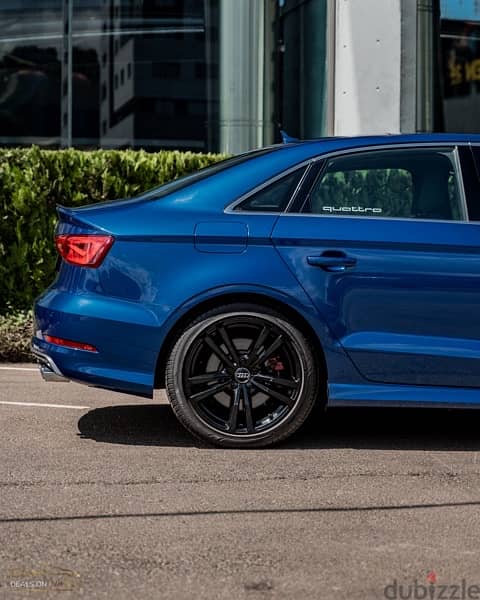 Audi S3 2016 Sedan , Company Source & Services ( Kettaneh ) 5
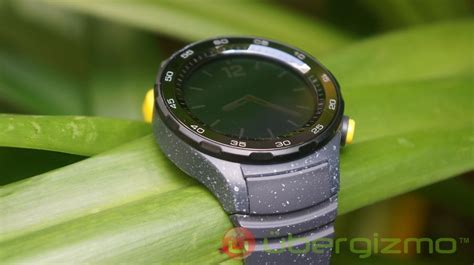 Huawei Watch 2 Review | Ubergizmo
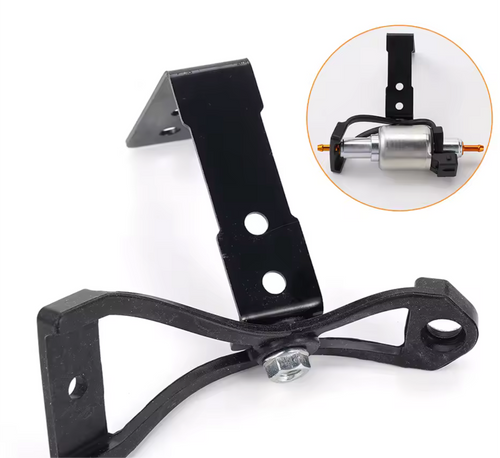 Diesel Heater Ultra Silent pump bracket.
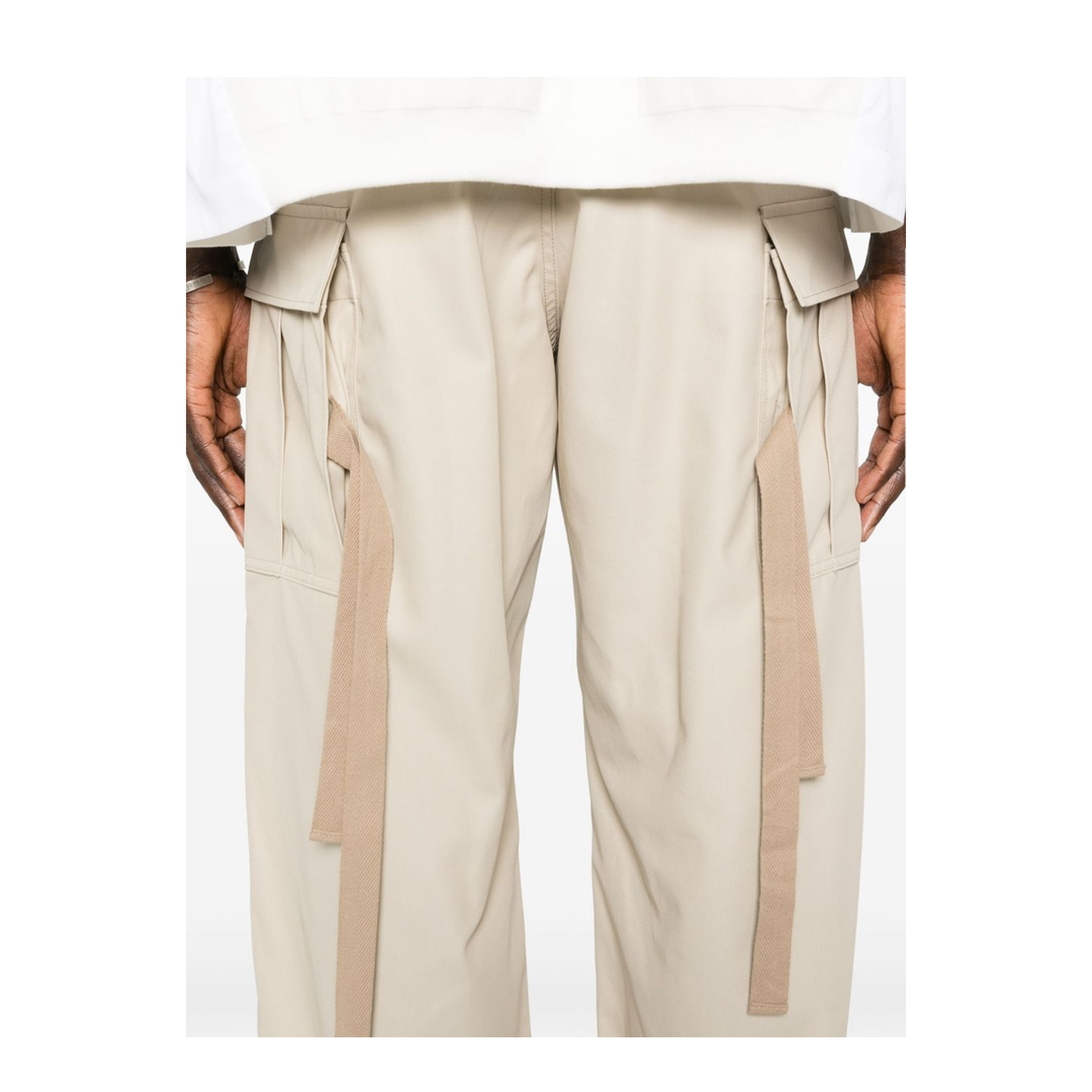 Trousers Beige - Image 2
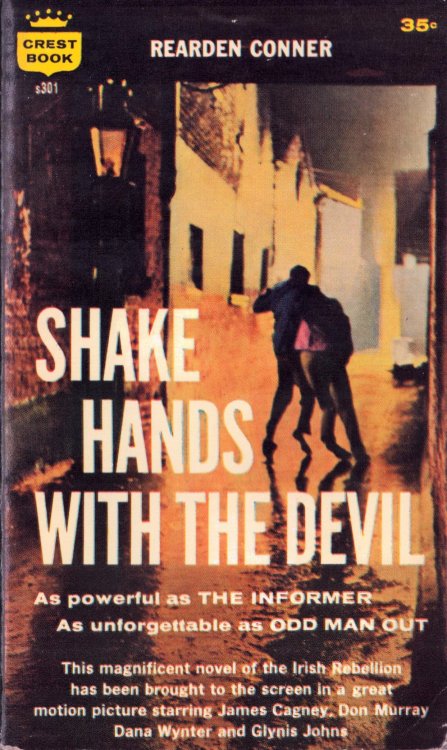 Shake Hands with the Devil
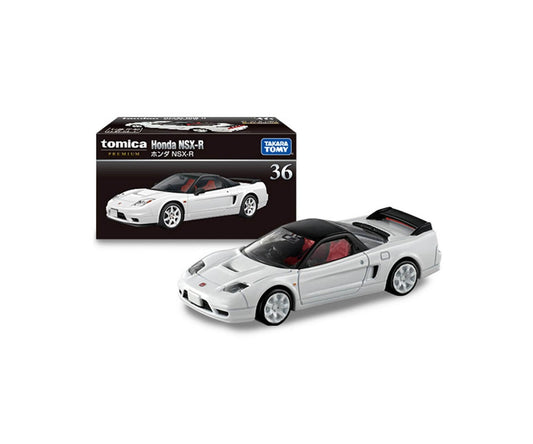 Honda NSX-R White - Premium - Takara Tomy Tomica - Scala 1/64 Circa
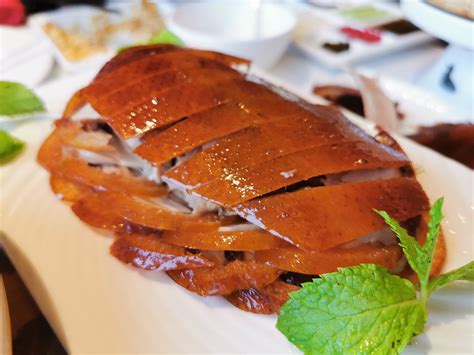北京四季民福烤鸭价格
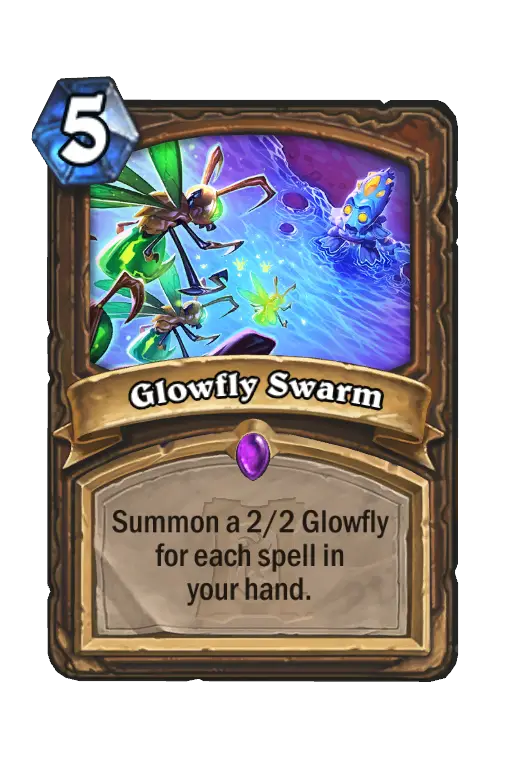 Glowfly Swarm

# # # #

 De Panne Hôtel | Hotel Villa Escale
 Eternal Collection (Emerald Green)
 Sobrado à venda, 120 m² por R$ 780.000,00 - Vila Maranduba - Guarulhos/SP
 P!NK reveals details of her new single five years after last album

# # # #

→ **To do**
Using the records above, return word for word the lines that begin at the one containing "Review | Ubergizmo" and end at the one containing "Glowfly Swarm", both of them included and no pictures.

→ **Problem solution**
 Huawei Watch 2 Review | Ubergizmo
 Diesel Heater Ultra Silent pump bracket.
 Trousers Beige - Image 2
 Shake Hands with the Devil
 Honda NSX-R White - Premium - Takara Tomy Tomica - Scala 1/64 Circa
北京四季民福烤鸭价格
 Glowfly Swarm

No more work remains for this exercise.